■ **About this exercise**: A line below contains "A long hallway with a clock on the wall.", and a later one contains "a man browsing". Repeat both, with every line between them, exactly.

(Stored records)
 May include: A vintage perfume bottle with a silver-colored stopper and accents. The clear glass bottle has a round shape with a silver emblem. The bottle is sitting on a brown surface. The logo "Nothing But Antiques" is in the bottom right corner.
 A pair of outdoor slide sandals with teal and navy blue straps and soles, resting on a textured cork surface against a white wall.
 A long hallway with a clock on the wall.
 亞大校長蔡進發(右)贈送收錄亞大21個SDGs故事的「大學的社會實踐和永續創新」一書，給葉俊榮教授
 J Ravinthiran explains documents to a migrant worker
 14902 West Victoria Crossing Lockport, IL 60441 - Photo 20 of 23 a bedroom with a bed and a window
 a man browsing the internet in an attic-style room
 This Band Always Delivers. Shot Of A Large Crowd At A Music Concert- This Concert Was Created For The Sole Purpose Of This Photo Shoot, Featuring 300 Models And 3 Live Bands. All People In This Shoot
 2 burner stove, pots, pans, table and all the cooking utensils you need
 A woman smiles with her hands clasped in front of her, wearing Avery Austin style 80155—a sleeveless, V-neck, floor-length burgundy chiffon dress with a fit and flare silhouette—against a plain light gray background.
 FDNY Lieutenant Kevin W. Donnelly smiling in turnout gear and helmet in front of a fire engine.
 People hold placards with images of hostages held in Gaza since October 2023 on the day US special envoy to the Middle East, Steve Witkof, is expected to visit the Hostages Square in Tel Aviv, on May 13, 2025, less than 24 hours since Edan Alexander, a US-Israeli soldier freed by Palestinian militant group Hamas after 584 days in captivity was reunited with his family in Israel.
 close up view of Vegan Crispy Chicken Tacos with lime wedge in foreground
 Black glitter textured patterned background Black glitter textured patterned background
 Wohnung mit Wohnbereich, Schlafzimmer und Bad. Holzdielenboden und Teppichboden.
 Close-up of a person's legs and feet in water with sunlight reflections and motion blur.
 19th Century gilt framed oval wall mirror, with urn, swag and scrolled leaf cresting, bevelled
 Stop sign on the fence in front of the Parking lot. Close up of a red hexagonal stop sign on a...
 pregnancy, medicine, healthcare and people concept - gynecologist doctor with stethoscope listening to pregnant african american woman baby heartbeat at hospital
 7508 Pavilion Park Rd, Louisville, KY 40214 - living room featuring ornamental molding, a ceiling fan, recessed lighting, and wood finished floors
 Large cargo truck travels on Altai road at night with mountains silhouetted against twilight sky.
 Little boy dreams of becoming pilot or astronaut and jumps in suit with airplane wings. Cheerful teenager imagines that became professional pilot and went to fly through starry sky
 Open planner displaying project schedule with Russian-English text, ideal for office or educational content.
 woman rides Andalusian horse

■ **Task solution**:
 A long hallway with a clock on the wall.
 亞大校長蔡進發(右)贈送收錄亞大21個SDGs故事的「大學的社會實踐和永續創新」一書，給葉俊榮教授
 J Ravinthiran explains documents to a migrant worker
 14902 West Victoria Crossing Lockport, IL 60441 - Photo 20 of 23 a bedroom with a bed and a window
 a man browsing the internet in an attic-style room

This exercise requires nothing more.